Mrs. Hawks’ stern tread never adjusted itself to the leisurely rhythm of the show boat’s tempo. This was obvious even to Magnolia. The very first week of their initial trip she had heard her mother say briskly to Julie, “What time is it?” Mrs. Hawks was marching from one end of the boat to the other, intent on some fell domestic errand of her own. Julie, seated in a low chair on deck, sewing and gazing out upon the yellow turbulence of the Mississippi, had replied in her deep indolent voice, without glancing up, “What does it matter?”
The four words epitomized the divinely care-free existence of the Cotton Blossom show-boat troupe.
Sometimes they played a new town every night. Sometimes, in regions that were populous and that boasted a good back-country, they remained a week. In such towns, as the boat returned year after year until it became a recognized institution, there grew up between the show-boat troupe and the townspeople a sort of friendly intimacy. They were warmly greeted on their arrival; sped regretfully on their departure. They almost never travelled at night. Usually they went to bed with the sound of the water slap-slapping gently against the boat’s flat sides, and proceeded down river at daybreak. This meant that constant warfare raged between the steamboat crew of the Mollie Able and the show-boat troupe of the Cotton Blossom. The steamer crew, its work done, retired early, for it must be up and about at daybreak.
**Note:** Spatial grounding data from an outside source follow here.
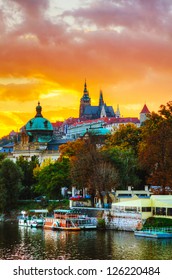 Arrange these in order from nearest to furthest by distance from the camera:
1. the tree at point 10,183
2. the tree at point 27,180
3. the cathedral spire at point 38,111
A: 1. the tree at point 10,183
2. the tree at point 27,180
3. the cathedral spire at point 38,111

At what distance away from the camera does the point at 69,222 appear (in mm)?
51594

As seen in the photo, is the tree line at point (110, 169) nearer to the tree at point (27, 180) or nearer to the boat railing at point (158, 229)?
the tree at point (27, 180)

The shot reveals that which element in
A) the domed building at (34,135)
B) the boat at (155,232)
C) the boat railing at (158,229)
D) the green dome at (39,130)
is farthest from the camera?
the green dome at (39,130)

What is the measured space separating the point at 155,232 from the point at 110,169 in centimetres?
1354

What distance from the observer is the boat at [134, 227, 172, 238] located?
4362 centimetres

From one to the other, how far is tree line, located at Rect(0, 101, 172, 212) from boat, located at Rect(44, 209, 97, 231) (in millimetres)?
4348

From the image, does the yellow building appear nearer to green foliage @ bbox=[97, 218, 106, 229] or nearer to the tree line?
green foliage @ bbox=[97, 218, 106, 229]

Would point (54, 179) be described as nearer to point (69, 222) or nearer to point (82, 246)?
point (69, 222)

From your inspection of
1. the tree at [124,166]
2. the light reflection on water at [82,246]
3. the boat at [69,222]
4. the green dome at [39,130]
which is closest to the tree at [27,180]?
the tree at [124,166]

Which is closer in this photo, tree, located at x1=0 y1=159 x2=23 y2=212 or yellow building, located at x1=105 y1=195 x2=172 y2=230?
yellow building, located at x1=105 y1=195 x2=172 y2=230

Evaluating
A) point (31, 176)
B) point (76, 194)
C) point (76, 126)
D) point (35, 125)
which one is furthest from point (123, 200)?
point (76, 126)

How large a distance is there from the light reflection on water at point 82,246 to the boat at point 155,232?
2.14 feet

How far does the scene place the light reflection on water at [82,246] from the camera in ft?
118

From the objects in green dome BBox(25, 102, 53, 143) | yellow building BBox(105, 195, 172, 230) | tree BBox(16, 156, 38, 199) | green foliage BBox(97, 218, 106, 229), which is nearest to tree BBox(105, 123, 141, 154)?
tree BBox(16, 156, 38, 199) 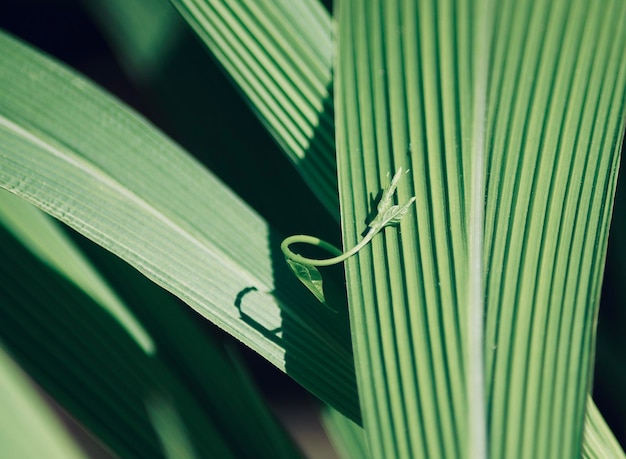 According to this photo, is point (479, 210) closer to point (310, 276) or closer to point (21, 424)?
point (310, 276)

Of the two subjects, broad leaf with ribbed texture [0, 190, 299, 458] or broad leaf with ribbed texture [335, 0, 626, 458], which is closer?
broad leaf with ribbed texture [335, 0, 626, 458]

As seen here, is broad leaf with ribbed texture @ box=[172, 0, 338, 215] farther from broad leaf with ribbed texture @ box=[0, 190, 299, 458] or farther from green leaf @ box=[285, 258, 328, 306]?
broad leaf with ribbed texture @ box=[0, 190, 299, 458]

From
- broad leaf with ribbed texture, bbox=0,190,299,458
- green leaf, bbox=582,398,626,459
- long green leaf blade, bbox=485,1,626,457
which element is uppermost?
broad leaf with ribbed texture, bbox=0,190,299,458

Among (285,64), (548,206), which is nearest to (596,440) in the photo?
(548,206)

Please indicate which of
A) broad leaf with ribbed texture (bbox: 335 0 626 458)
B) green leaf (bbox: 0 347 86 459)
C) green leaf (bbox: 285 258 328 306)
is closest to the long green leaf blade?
broad leaf with ribbed texture (bbox: 335 0 626 458)

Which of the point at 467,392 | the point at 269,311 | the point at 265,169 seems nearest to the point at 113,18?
the point at 265,169

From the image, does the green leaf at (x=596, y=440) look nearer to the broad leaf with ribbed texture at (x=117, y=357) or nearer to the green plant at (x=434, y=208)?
the green plant at (x=434, y=208)

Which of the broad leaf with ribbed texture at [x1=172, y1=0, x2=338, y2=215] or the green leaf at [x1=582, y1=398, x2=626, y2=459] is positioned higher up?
the broad leaf with ribbed texture at [x1=172, y1=0, x2=338, y2=215]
It breakfasted at four-thirty or five. The actors never were abed before midnight or one o’clock and rose for a nine o’clock breakfast. They complained that the steamer crew, with its bells, whistles, hoarse shouts, hammerings, puffings, and general to-do attendant upon casting off and getting under way, robbed them of their morning sleep. The crew grumbled and cursed as it tried to get a night’s rest in spite of the noise of the band, the departing audience, the midnight sociability of the players who, still at high tension after their night’s work, could not yet retire meekly to bed.
“Lot of damn scenery chewers,” growled the crew, turning in sleep.
“Filthy roustabouts,” retorted the troupers, disturbed at dawn. “Yell because they can’t talk like human beings.”
They rarely mingled, except such members of the crew as played in the band; and never exchanged civilities. This state of affairs lent spice to an existence that might otherwise have proved too placid for comfort. The bickering acted as a safety valve.
It all was, perhaps, the worst possible environment for a skinny, high-strung, and sensitive little girl who was one-quarter French. But Magnolia thrived on it. She had the solid and lumpy Puritanism of Parthy’s presence to counteract the leaven of her volatile father. This saved her from being utterly consumed.